There is then the mark of M.B. with her name printed beneath it and the form is witnessed by Mary Condell and Anne Harris and dated the 17th February, 2016.

18. I permitted Sage and Ms. Condell to appear and to participate in the hearing as though Ms. Condell was M.B.’s duly appointed solicitor. This was done on a de bene esse basis.

19. Having heard argument on the issue of the entitlement of Sage or Ms. Condell to participate, I am satisfied that they have no such entitlement.

20. Ms. Condell’s client, as she freely admitted, is Sage. It is not M.B. Ms. Condell has been brought into the matter as an employee of Sage. It is Sage which has instructed her through the agency of Ms. Harris who is M.B.’s advocate in Sage.

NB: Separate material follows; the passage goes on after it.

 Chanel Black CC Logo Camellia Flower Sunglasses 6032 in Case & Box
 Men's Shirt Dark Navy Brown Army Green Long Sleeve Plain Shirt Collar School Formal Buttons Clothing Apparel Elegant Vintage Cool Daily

Sage may well have a useful advocacy function for elderly people in general but such function does not extend to appearing before this Court in the manner that has been done in the present case.

21. I am satisfied that M.B. could not have appeared herself in this Court because of her infirmities. She could, however, have instructed a solicitor to do so. That solicitor could have been Ms. Condell but only if M.B. were her client. M.B. was and is not her client.

22. What is not permissible is precisely what has happened in this case where Ms. Condell has appeared with Sage as her client working on instructions given to her by Ms. Harris on behalf of M.B.

23. Accordingly, for the future, having heard argument on this issue, I will not permit Sage to appear on behalf of any other person as it has done on this application.

24. I will admit M.B. to wardship and appoint the General Solicitor for Wards of Court as her Committee.